* Problem statement: Repeat every entry word for word; omit all pictures.

Image-text web data:
>>>

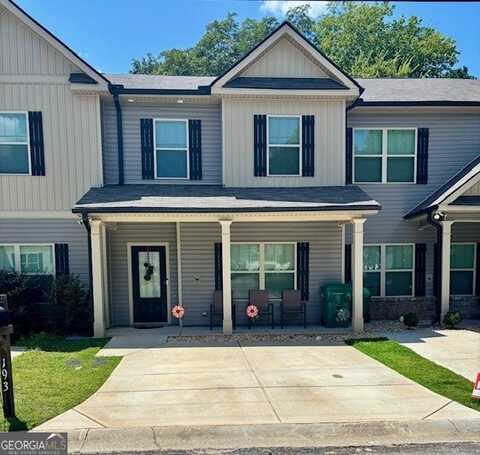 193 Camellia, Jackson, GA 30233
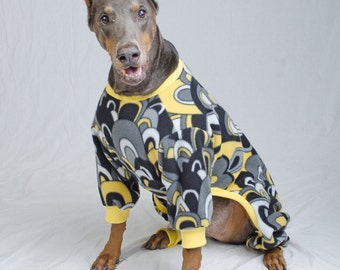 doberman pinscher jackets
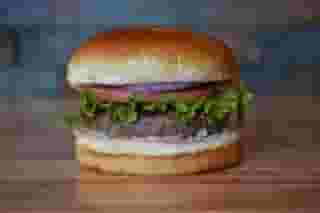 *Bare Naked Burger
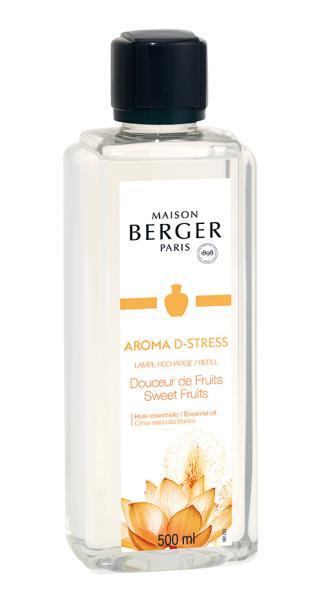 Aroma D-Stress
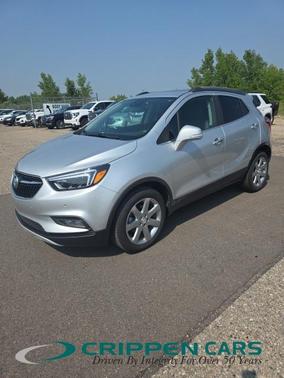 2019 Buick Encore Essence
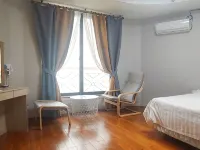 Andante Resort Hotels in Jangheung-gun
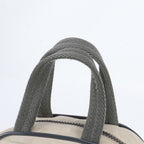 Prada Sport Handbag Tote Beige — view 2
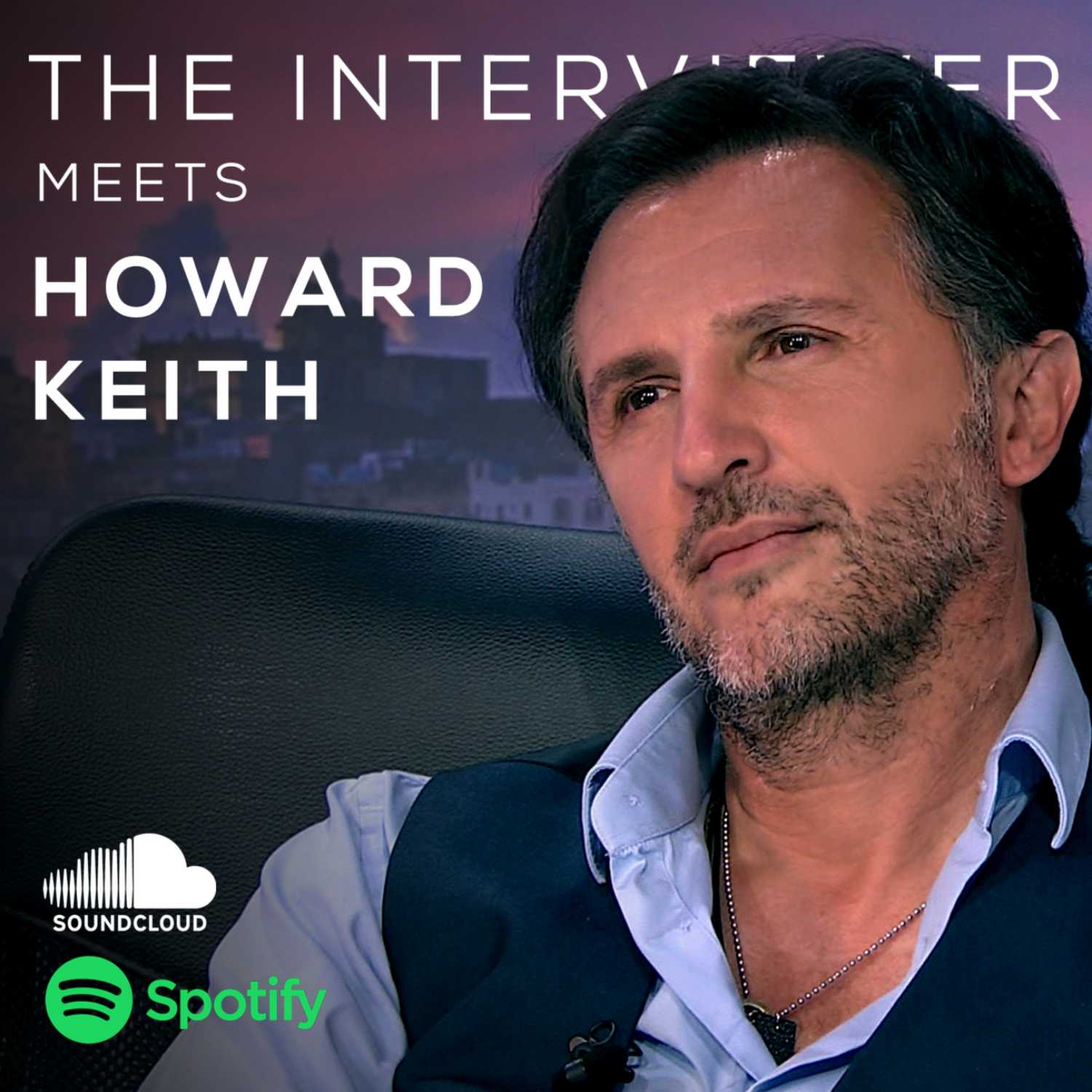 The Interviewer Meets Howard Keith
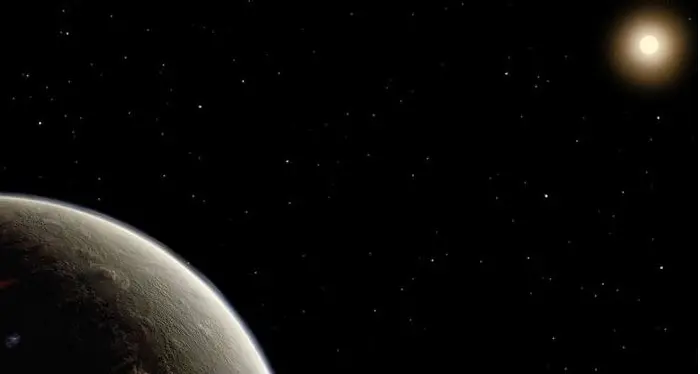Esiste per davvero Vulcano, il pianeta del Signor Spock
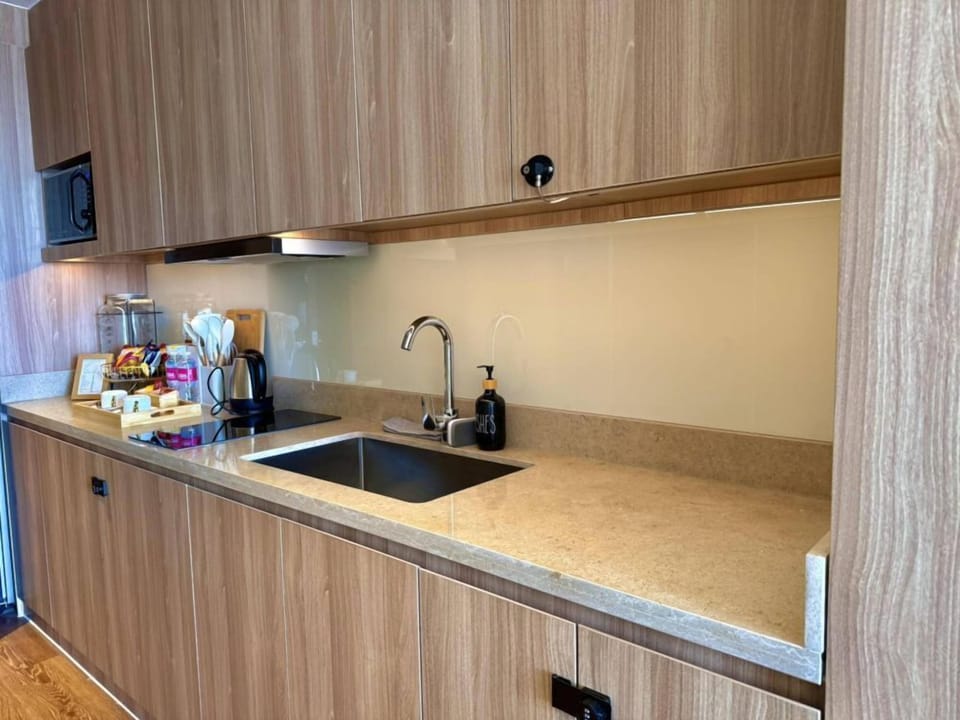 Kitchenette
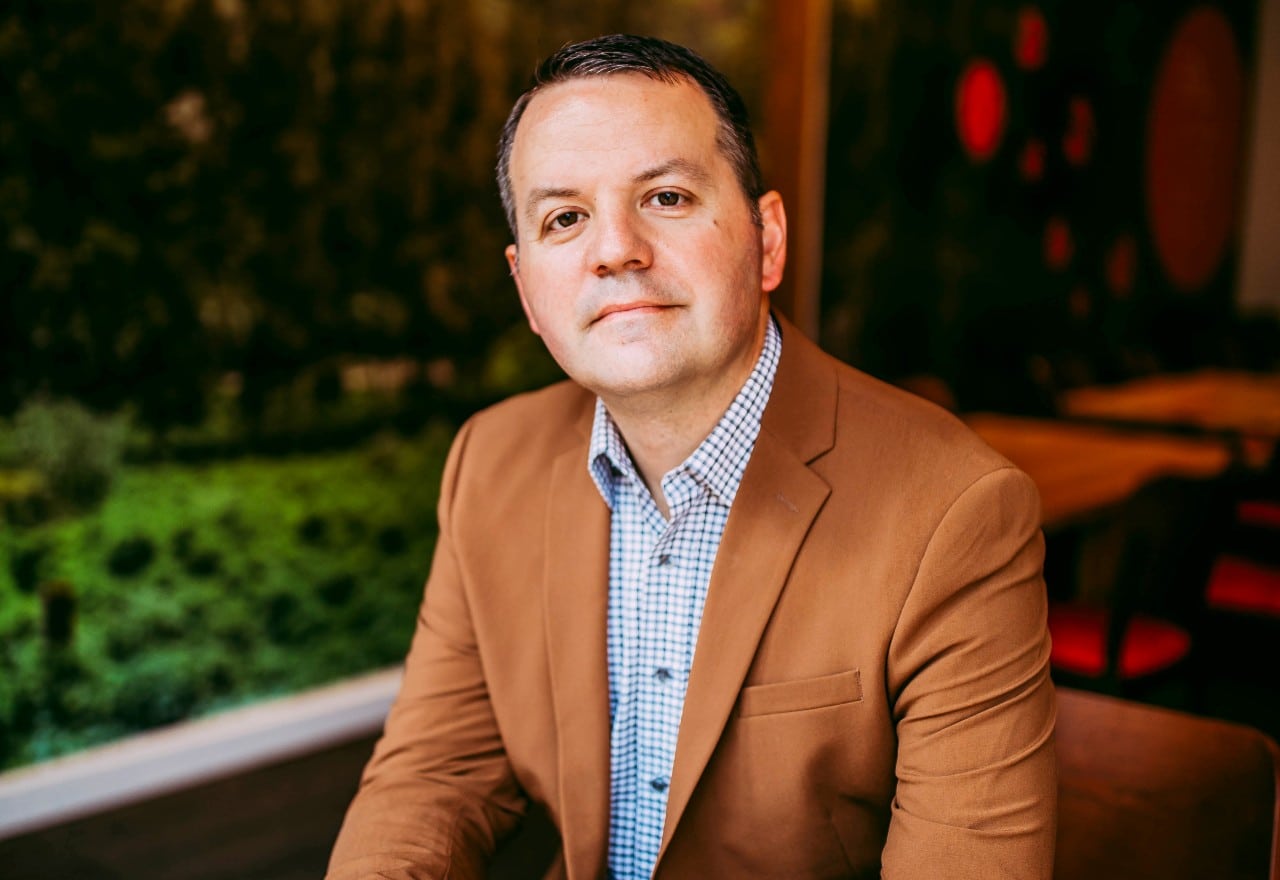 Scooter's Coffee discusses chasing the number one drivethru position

<<<

* Reply:
 193 Camellia, Jackson, GA 30233
 doberman pinscher jackets
 *Bare Naked Burger
 Aroma D-Stress
 2019 Buick Encore Essence
 Andante Resort Hotels in Jangheung-gun
 Prada Sport Handbag Tote Beige — view 2
 The Interviewer Meets Howard Keith
Esiste per davvero Vulcano, il pianeta del Signor Spock
 Kitchenette
 Scooter's Coffee discusses chasing the number one drivethru position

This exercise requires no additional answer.